__WORK TASK__
What do the lines say from the one containing "Honda CBR 250" to the end of the records? Restate them word for word, and only those.

__THE DATA__
⁂

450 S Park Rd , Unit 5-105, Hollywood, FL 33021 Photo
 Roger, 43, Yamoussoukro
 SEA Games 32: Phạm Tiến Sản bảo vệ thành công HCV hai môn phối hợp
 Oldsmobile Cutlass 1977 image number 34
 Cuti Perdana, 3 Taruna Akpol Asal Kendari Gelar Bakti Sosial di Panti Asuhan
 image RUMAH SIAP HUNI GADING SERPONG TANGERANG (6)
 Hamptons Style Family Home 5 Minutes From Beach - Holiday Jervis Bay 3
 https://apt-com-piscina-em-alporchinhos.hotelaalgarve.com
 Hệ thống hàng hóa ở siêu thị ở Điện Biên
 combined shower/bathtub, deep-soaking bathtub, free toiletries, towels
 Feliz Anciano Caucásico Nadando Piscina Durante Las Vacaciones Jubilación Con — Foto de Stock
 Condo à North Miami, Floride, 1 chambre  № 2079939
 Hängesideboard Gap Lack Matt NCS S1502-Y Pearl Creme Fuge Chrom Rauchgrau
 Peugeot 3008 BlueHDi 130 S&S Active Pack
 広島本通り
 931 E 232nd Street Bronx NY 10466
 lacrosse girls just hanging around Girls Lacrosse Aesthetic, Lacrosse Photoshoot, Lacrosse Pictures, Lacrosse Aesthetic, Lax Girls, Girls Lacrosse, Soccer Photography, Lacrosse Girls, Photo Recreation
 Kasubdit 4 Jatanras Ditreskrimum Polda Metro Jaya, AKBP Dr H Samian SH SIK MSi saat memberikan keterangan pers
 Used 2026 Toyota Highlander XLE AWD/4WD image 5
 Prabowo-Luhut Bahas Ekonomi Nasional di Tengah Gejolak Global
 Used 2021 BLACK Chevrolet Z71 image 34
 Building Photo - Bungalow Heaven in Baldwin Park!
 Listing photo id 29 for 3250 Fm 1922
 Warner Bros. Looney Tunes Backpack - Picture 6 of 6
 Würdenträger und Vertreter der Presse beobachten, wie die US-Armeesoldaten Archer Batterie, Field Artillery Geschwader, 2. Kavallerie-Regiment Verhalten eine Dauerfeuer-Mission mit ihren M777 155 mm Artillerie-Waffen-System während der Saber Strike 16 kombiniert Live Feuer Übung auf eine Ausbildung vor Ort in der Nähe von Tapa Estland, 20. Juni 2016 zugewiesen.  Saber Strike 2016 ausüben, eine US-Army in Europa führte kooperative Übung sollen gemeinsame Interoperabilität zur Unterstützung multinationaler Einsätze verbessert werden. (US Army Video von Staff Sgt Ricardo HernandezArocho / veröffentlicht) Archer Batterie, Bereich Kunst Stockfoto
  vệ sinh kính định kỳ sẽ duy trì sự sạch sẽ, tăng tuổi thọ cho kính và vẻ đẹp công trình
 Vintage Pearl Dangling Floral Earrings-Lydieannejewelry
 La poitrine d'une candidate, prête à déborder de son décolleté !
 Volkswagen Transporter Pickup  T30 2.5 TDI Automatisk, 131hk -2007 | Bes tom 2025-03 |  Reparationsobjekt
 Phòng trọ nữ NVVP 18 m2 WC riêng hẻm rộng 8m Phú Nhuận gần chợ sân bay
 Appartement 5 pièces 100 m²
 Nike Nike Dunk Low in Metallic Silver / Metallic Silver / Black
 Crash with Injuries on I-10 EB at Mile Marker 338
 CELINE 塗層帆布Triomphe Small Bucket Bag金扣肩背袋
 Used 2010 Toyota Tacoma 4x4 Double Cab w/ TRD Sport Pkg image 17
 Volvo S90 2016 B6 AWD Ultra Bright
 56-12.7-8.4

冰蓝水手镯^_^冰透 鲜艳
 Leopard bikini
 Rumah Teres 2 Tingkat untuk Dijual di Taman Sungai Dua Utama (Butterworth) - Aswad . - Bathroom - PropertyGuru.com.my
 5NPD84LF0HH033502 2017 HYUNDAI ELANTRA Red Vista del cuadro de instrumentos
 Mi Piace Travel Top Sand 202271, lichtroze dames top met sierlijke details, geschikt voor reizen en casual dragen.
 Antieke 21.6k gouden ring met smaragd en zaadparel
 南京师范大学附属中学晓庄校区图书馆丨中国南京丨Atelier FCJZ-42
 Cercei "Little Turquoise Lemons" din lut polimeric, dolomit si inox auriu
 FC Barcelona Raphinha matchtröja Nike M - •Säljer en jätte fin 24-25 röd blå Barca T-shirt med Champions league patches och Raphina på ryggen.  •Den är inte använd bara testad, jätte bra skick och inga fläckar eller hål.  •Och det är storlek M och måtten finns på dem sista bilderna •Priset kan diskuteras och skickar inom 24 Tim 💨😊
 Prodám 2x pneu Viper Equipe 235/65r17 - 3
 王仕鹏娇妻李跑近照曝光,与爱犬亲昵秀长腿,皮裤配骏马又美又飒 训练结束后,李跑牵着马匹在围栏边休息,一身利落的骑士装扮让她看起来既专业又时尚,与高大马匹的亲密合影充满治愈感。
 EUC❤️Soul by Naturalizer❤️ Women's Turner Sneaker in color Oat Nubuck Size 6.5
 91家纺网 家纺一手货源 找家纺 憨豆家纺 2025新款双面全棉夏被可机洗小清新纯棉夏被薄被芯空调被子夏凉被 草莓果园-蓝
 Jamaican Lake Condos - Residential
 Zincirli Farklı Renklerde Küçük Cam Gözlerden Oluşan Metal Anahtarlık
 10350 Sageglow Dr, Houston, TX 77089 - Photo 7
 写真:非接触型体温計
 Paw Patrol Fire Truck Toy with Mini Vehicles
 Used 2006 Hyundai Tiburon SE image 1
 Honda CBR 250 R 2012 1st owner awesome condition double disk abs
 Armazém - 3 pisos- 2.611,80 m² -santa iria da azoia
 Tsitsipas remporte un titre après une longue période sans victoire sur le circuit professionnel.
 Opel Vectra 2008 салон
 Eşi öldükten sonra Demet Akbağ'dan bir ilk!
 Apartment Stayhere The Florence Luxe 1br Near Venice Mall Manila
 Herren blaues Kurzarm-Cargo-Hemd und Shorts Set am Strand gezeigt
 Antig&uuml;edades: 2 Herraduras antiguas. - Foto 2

⁂

__OUTPUT OF THE TASK__
 Honda CBR 250 R 2012 1st owner awesome condition double disk abs
 Armazém - 3 pisos- 2.611,80 m² -santa iria da azoia
 Tsitsipas remporte un titre après une longue période sans victoire sur le circuit professionnel.
 Opel Vectra 2008 салон
 Eşi öldükten sonra Demet Akbağ'dan bir ilk!
 Apartment Stayhere The Florence Luxe 1br Near Venice Mall Manila
 Herren blaues Kurzarm-Cargo-Hemd und Shorts Set am Strand gezeigt
 Antig&uuml;edades: 2 Herraduras antiguas. - Foto 2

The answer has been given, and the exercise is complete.